Bellow we can read that at I_C = 500 mA and V_CE = 10 V, the minimum Gain is 30. Because of the previous min/max gives us a relation of Max=3*Min, we apply the same to our value, so the maximum gain at 500mA is 90.

That means that the current in the base has to be 500mA/90, which we'll round to 5mA.    // Why would we want half a friggin' Amp in the collector?! Just to waste battery?
Now to calculate the resistor to be placed in series with the base, which will also limit the current in the collector, we do (5-0.8)/0.005 = 840 ohm, and we'll use a 1K resistor to keep things simple.


Have I done Science?


Is this how one uses datasheets? I've only used them to see the pin mapping of components - I never really understood what all those values meant.
Is there something like a Noob's Guide to Reading Datasheets?

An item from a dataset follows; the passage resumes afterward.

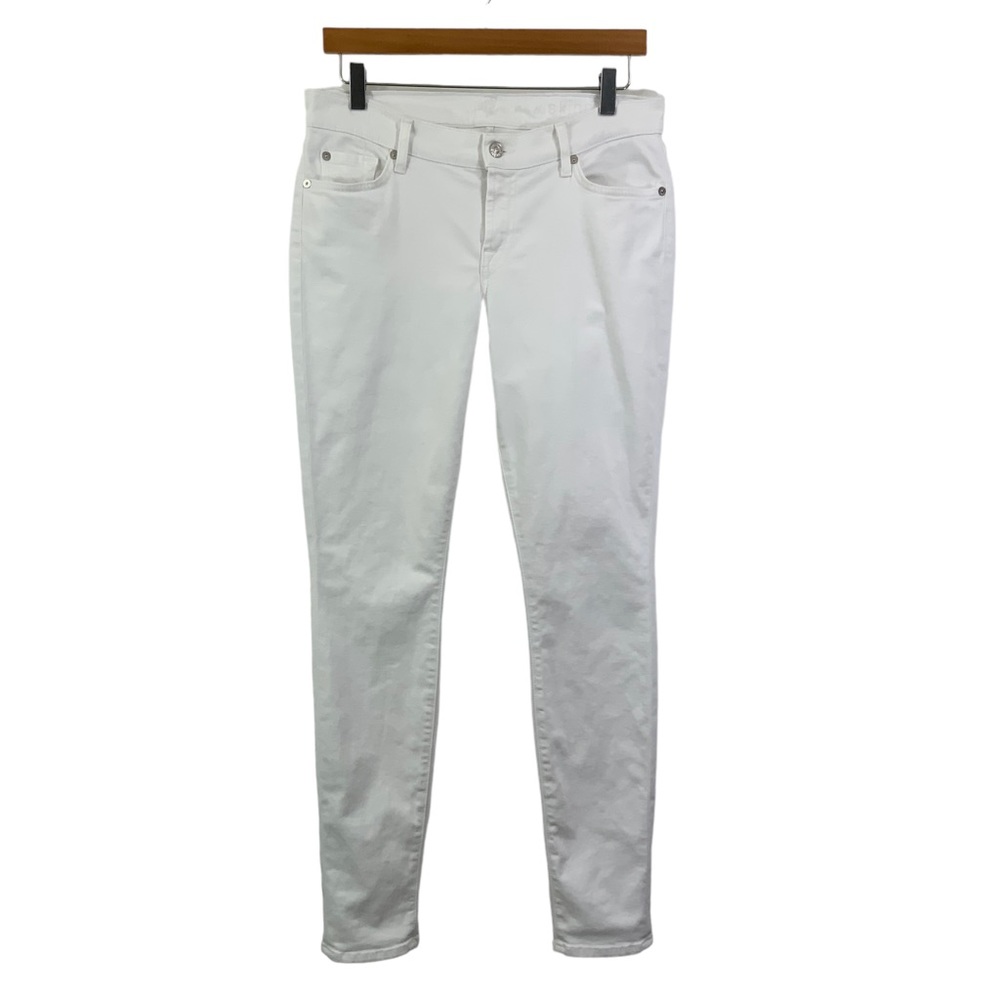 7 FOR ALL MANKIND The Skinny White Skinny Jeans With Stretch White Jeans G13 - Picture 5 of 11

Here's the updated schematic: pic.
Any critics? Suggestions? Warnings?

[IanB]

Your circuit looks OK to me. Basically a transistor works a bit like a current amplifier. If you feed 5 mA into the base, then that current multiplied by the gain (e.g. 100) is the current that will flow through the collector, perhaps 500 mA. This is why transistors are useful, they can amplify a small signal into a bigger signal.

I guess you are building a kind of watchdog timer on your Arduino? If the Arduino stops working and fails to keep the 555 going, the Arduino automatically gets reset.

So a deeper question is why might your Arduino lock up? Could you perhaps have a programming error you need to fix?

[Pulse Cloud]

I guess you are building a kind of watchdog timer on your Arduino? If the Arduino stops working and fails to keep the 555 going, the Arduino automatically gets reset.

So a deeper question is why might your Arduino lock up? Could you perhaps have a programming error you need to fix?

That is exactly it.
In the project I'm working on I used to have quite some errors - it would rarely lock up, though -, but now I've reprogrammed it and it hasn't had any error at all.
I just want the Watchdog because the project will be used in a friend's factory, so having it reset whenever something bad happened is a feature I think is important. It's not likely that the Arduino will ever need it, but it's there just in case.

Also, it's proven to have been a valuable learning experience!

Thank you again!